ASSIGNMENT —
Below are lines of data; restate word for word those running from the line containing "So you just" to the line containing "Now let me show", inclusive, and no others.

MATERIAL FOR THIS TASK —
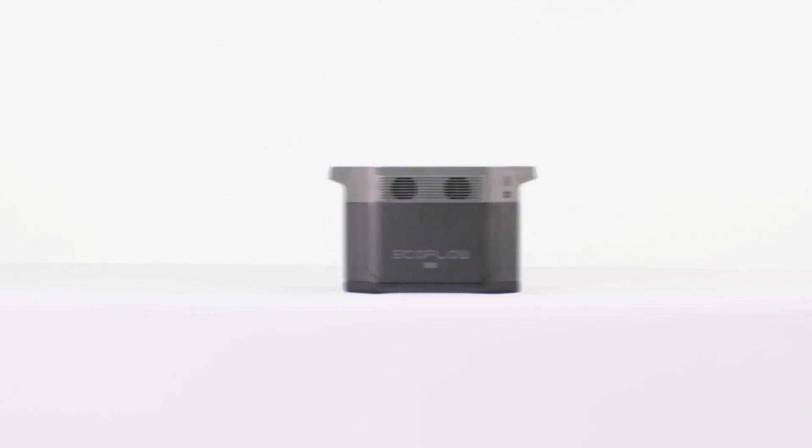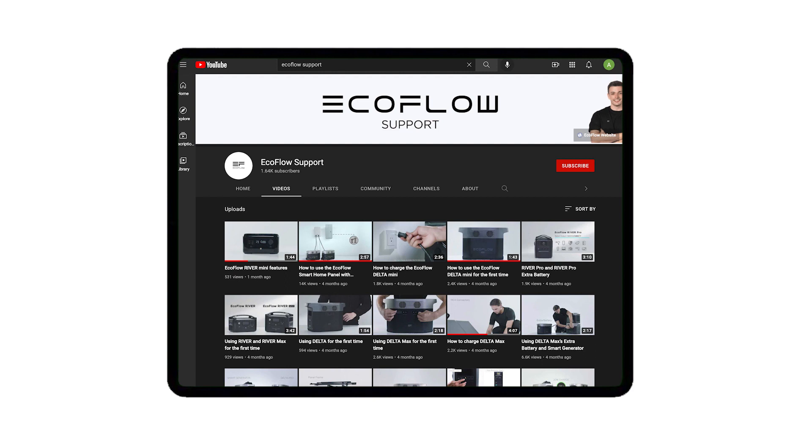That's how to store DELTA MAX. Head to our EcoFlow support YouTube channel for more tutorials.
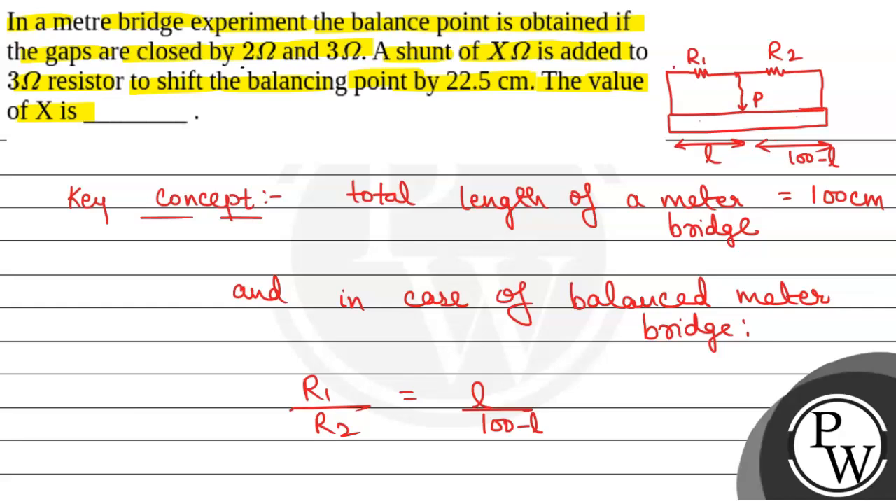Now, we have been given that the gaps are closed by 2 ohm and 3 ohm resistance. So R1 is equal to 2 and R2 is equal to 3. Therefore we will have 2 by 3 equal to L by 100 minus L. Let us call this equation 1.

---

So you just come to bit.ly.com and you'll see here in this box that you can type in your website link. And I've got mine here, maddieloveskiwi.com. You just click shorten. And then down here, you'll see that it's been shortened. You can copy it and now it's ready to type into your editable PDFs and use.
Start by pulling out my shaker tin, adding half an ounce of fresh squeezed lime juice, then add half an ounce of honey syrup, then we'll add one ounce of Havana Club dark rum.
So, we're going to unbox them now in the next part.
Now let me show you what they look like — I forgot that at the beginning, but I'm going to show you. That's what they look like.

---

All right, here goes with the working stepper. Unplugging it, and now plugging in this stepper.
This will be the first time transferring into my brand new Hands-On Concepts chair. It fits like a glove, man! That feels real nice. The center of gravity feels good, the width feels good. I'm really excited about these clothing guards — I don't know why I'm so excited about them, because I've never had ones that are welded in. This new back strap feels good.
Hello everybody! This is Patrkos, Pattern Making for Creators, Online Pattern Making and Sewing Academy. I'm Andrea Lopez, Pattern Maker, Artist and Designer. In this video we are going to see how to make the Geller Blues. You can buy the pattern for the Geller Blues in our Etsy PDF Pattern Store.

ANSWER SECTION —
So you just come to bit.ly.com and you'll see here in this box that you can type in your website link. And I've got mine here, maddieloveskiwi.com. You just click shorten. And then down here, you'll see that it's been shortened. You can copy it and now it's ready to type into your editable PDFs and use.
Start by pulling out my shaker tin, adding half an ounce of fresh squeezed lime juice, then add half an ounce of honey syrup, then we'll add one ounce of Havana Club dark rum.
So, we're going to unbox them now in the next part.
Now let me show you what they look like — I forgot that at the beginning, but I'm going to show you. That's what they look like.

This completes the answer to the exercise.